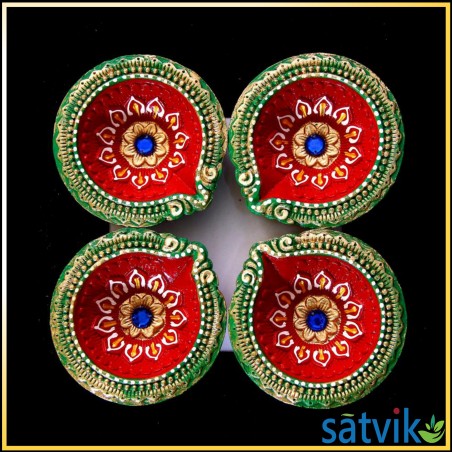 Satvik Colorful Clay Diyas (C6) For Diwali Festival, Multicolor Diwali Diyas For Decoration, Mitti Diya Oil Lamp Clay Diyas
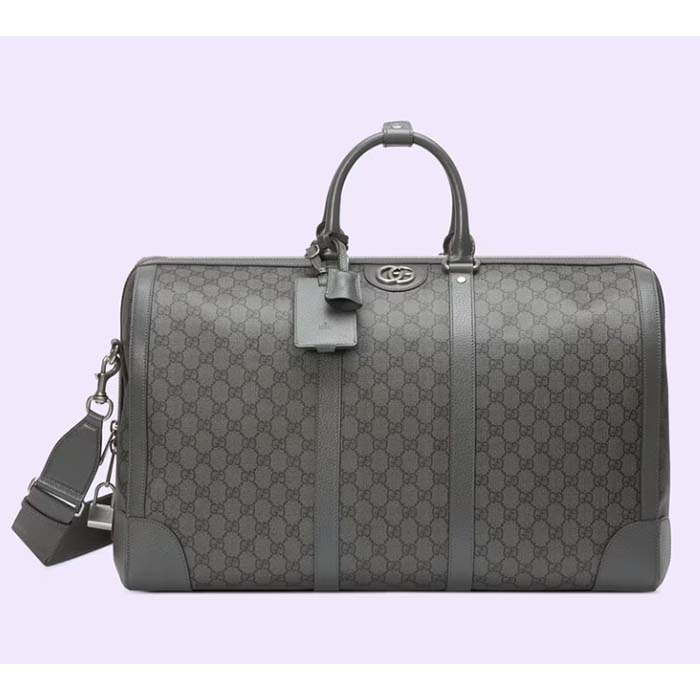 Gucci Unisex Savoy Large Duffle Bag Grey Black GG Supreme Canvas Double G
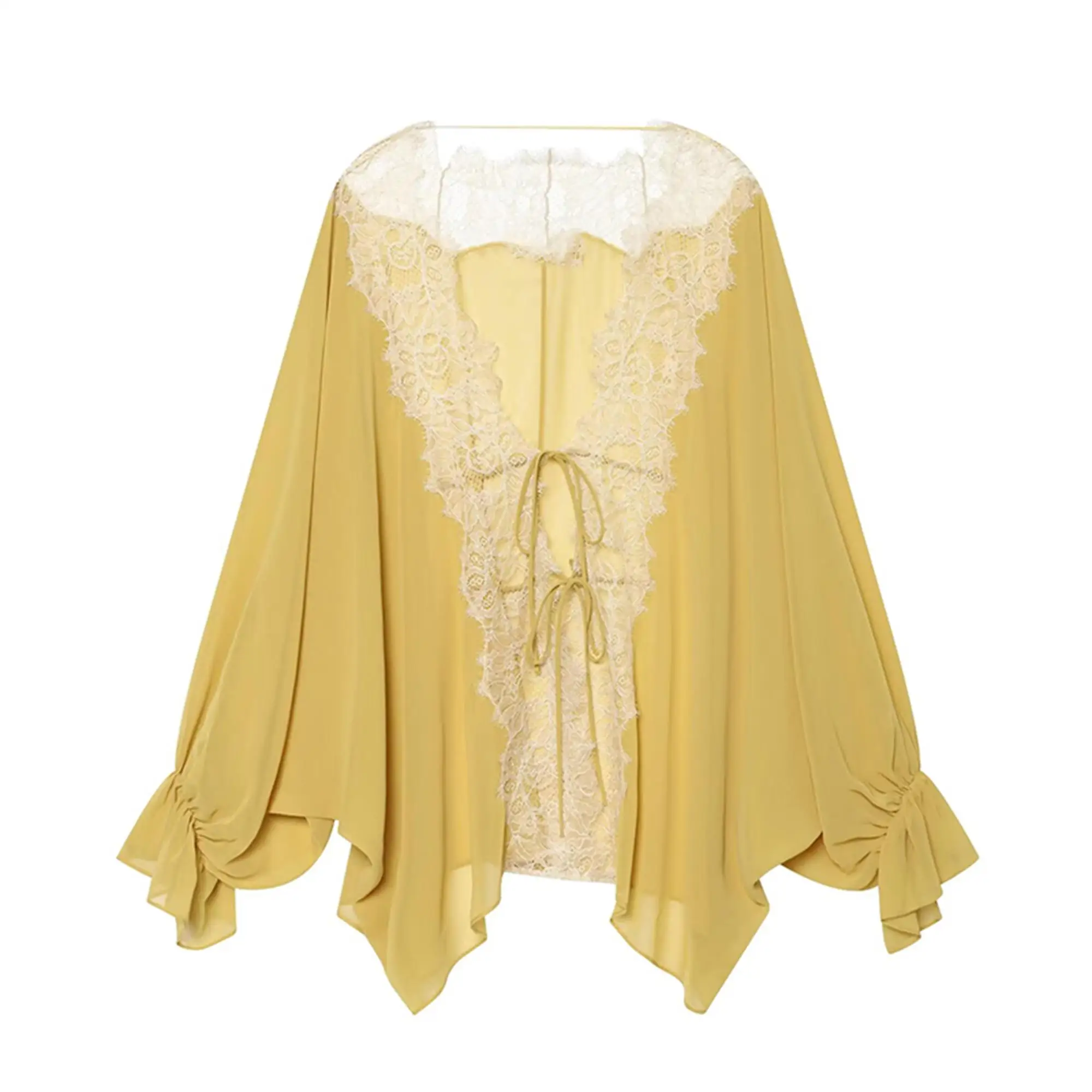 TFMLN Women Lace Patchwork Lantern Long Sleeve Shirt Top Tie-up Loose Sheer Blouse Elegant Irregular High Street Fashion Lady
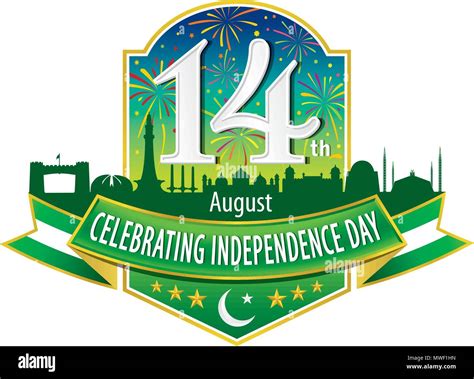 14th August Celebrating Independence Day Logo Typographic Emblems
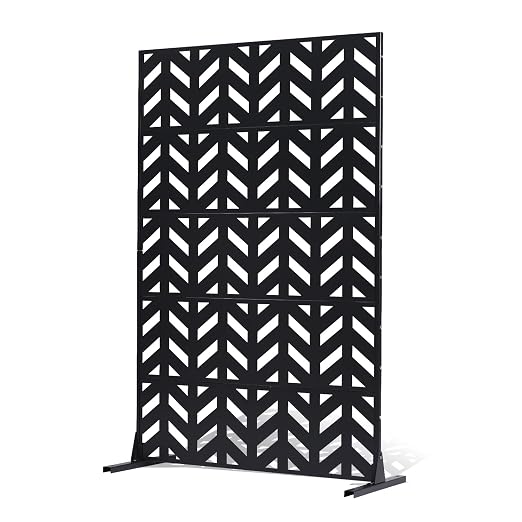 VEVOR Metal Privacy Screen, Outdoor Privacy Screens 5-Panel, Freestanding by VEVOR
* * * * * * * * *
Instructions for the task:
All of the entries above are to be restated word for word, minus the images.

Result of this exercise:
 Satvik Colorful Clay Diyas (C6) For Diwali Festival, Multicolor Diwali Diyas For Decoration, Mitti Diya Oil Lamp Clay Diyas
 Gucci Unisex Savoy Large Duffle Bag Grey Black GG Supreme Canvas Double G
 TFMLN Women Lace Patchwork Lantern Long Sleeve Shirt Top Tie-up Loose Sheer Blouse Elegant Irregular High Street Fashion Lady
 14th August Celebrating Independence Day Logo Typographic Emblems
 VEVOR Metal Privacy Screen, Outdoor Privacy Screens 5-Panel, Freestanding by VEVOR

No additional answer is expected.